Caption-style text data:
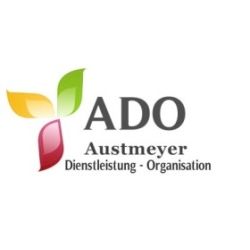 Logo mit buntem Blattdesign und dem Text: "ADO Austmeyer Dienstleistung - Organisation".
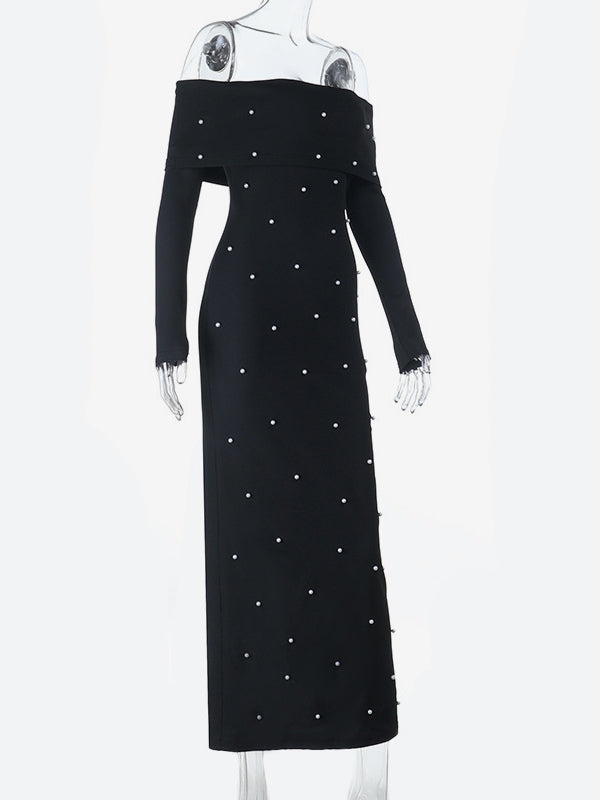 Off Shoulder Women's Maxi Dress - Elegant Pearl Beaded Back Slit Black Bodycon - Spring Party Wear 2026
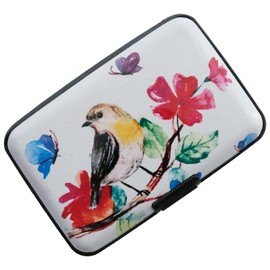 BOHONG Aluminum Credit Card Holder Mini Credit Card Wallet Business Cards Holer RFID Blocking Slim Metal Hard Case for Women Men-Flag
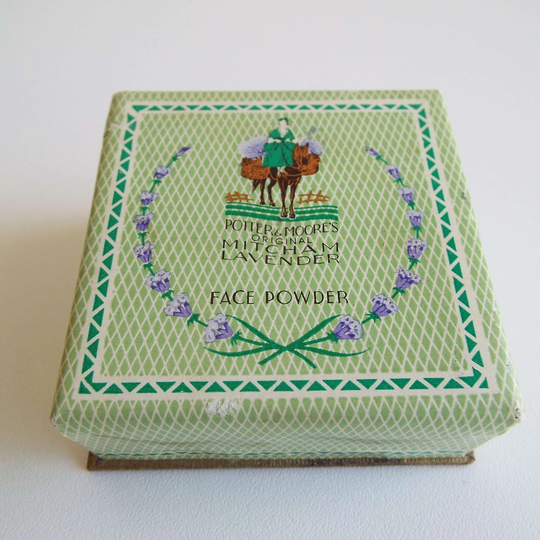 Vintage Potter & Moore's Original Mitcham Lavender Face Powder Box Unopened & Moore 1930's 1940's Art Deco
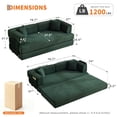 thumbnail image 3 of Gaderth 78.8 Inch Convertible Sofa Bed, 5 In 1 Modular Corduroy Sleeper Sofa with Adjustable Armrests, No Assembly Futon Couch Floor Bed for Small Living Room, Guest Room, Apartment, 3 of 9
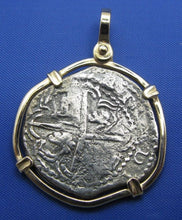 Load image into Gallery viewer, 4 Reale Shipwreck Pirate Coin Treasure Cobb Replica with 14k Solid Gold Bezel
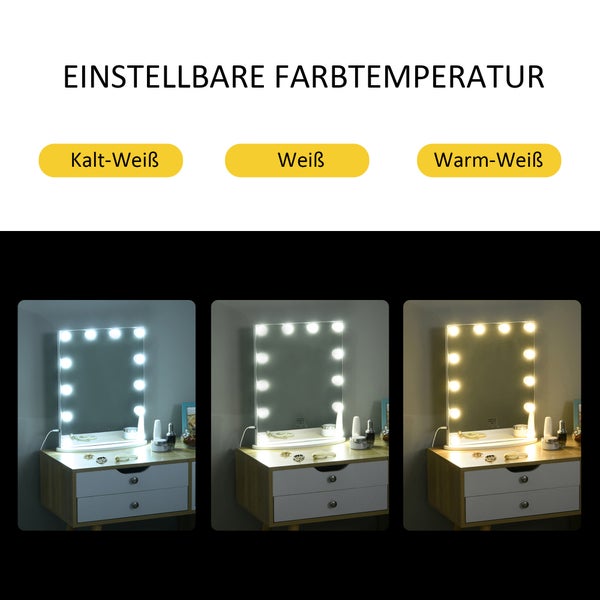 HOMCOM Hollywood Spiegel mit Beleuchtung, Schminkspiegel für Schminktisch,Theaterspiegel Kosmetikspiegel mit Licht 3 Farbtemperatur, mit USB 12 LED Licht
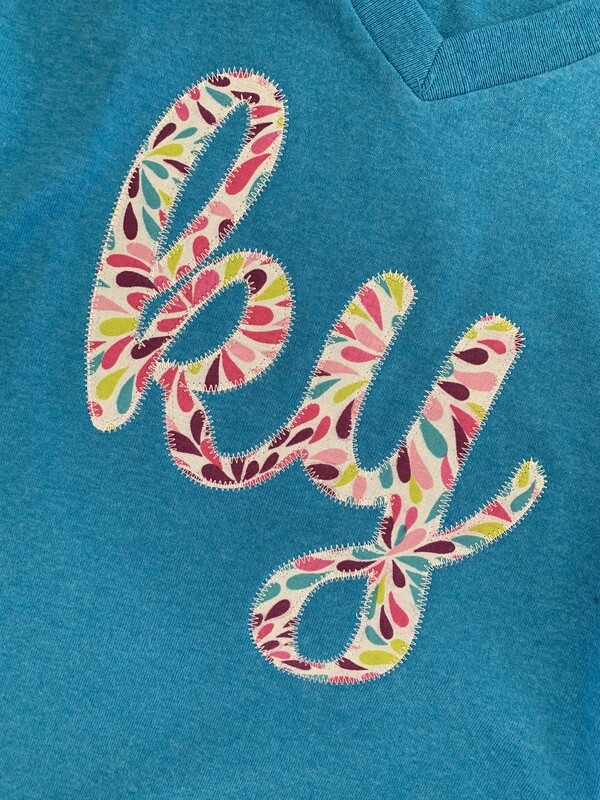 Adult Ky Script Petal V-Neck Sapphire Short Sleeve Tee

§ What to produce
Your task is to reproduce exactly the lines running from the line that contains "Vintage Potter &" to the end of the records, pictures excluded.

§ Exercise output
 Vintage Potter & Moore's Original Mitcham Lavender Face Powder Box Unopened & Moore 1930's 1940's Art Deco
 thumbnail image 3 of Gaderth 78.8 Inch Convertible Sofa Bed, 5 In 1 Modular Corduroy Sleeper Sofa with Adjustable Armrests, No Assembly Futon Couch Floor Bed for Small Living Room, Guest Room, Apartment, 3 of 9
 Load image into Gallery viewer, 4 Reale Shipwreck Pirate Coin Treasure Cobb Replica with 14k Solid Gold Bezel
 HOMCOM Hollywood Spiegel mit Beleuchtung, Schminkspiegel für Schminktisch,Theaterspiegel Kosmetikspiegel mit Licht 3 Farbtemperatur, mit USB 12 LED Licht
 Adult Ky Script Petal V-Neck Sapphire Short Sleeve Tee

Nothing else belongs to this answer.